Copy exactly the lines of the records below, starting at the line that contains "Explore our wide" and continuing through the last line, both included; omit any pictures.

- [Material for the task]:

──────────

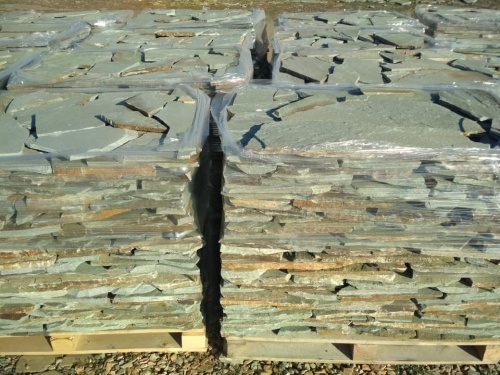 Плитняк златолит зелёный для цоколя, отмостки купить в Ярославской области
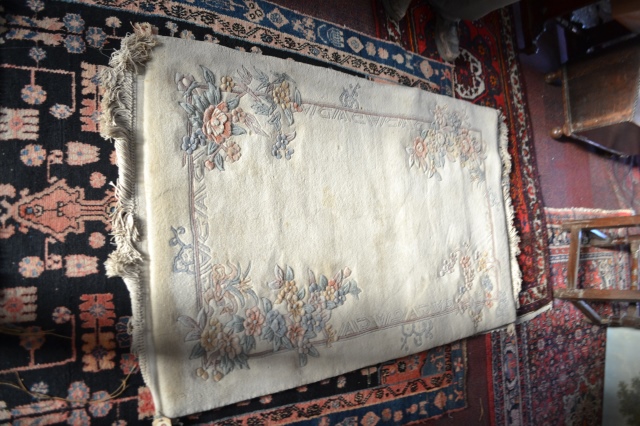 Explore our wide range of traditional Chinese rugs. Size 154cm x 92cm available. Make your home cozy and stylish. Shop online today!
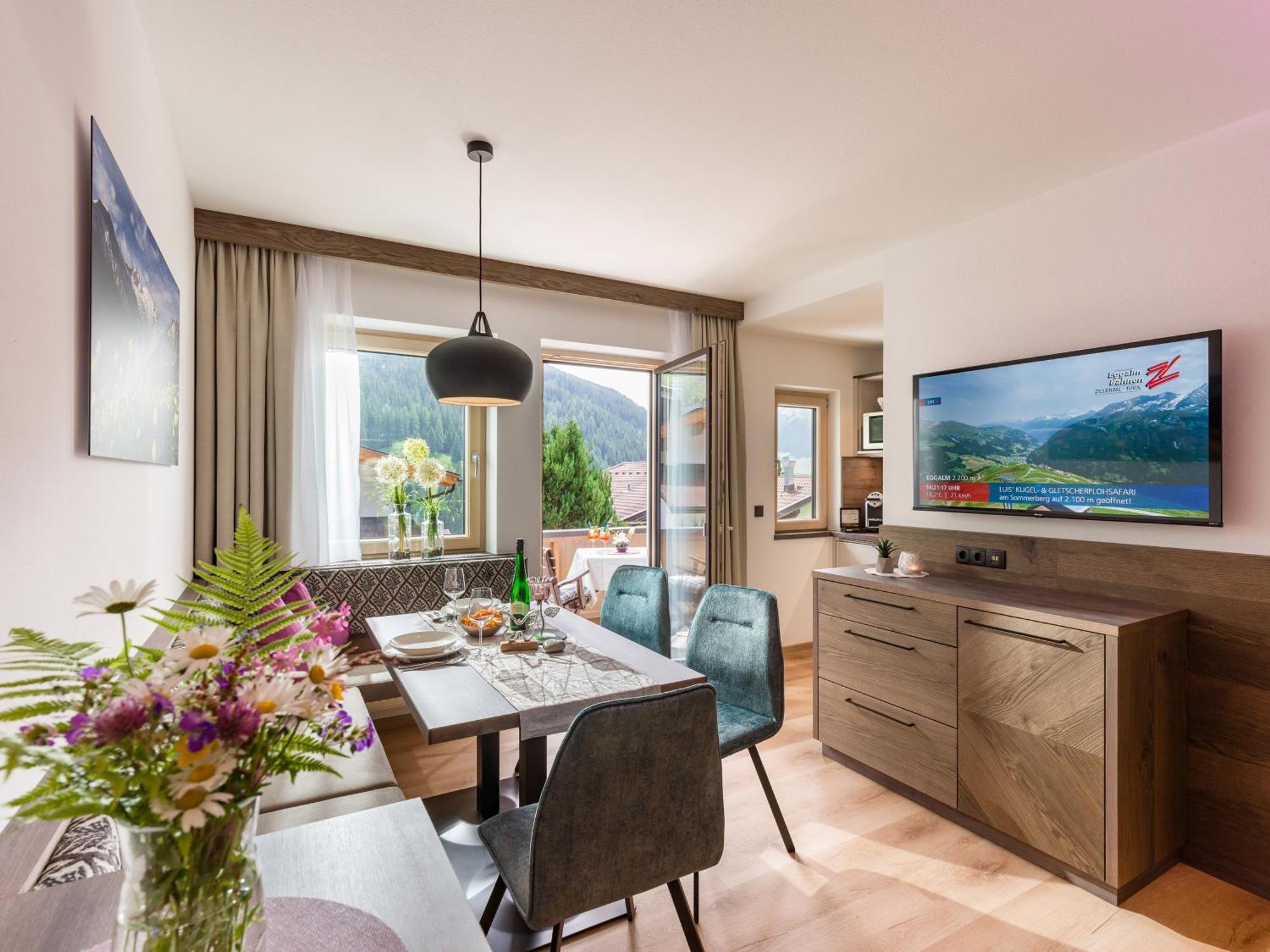 Apartments Schoene Aussicht Тукс Екстер'єр фото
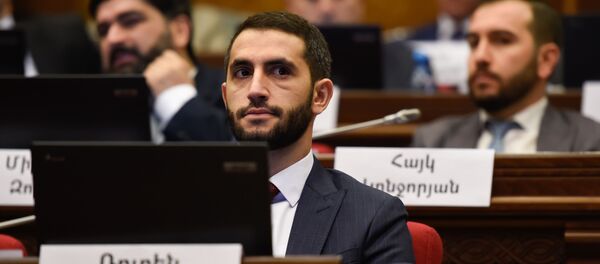 Депутат от фракции Мой Шаг Рубен Рубинян на заседании парламента Армении (15 января 2019). Еревaн - Sputnik Արմենիա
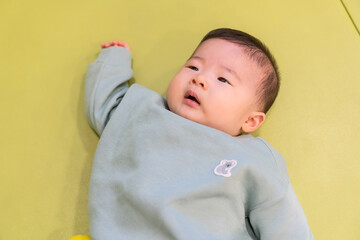 マンションのキッズルームで遊ぶ日本人の男の赤ちゃん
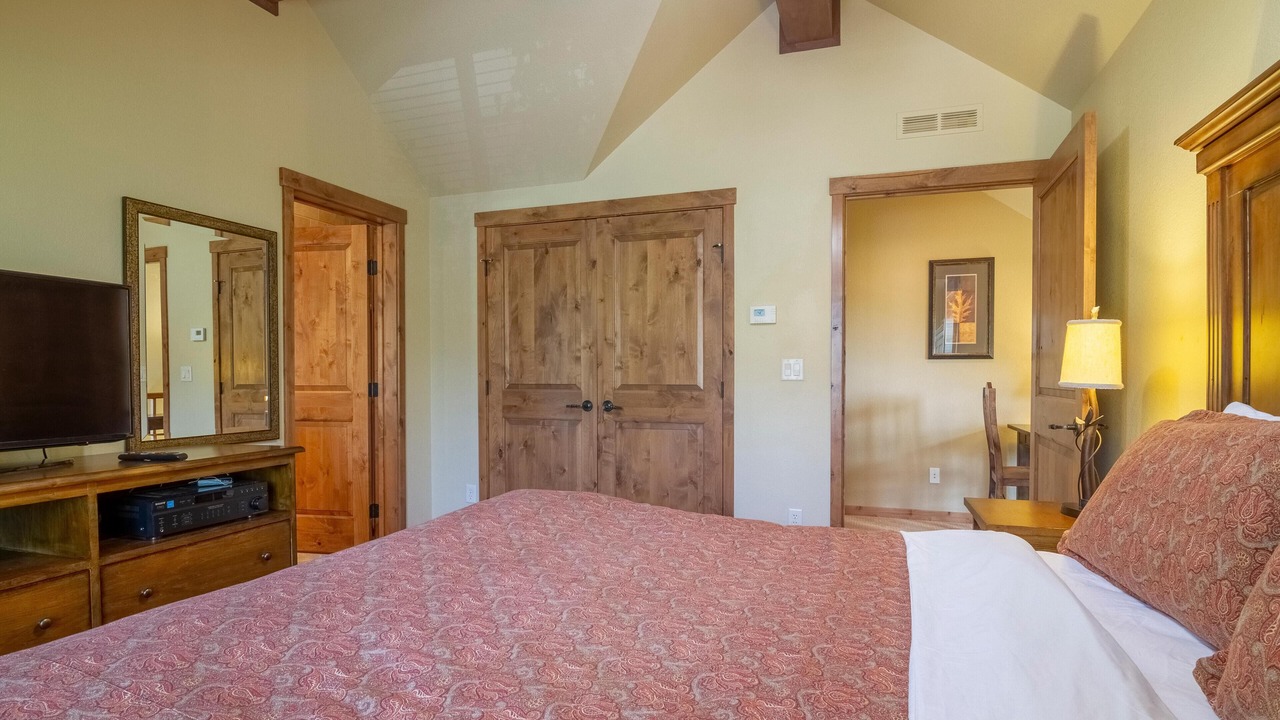 Photo of Bedroom in Tamarack Resort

──────────

- [Problem solution]:
 Explore our wide range of traditional Chinese rugs. Size 154cm x 92cm available. Make your home cozy and stylish. Shop online today!
 Apartments Schoene Aussicht Тукс Екстер'єр фото
 Депутат от фракции Мой Шаг Рубен Рубинян на заседании парламента Армении (15 января 2019). Еревaн - Sputnik Արմենիա
 マンションのキッズルームで遊ぶ日本人の男の赤ちゃん
 Photo of Bedroom in Tamarack Resort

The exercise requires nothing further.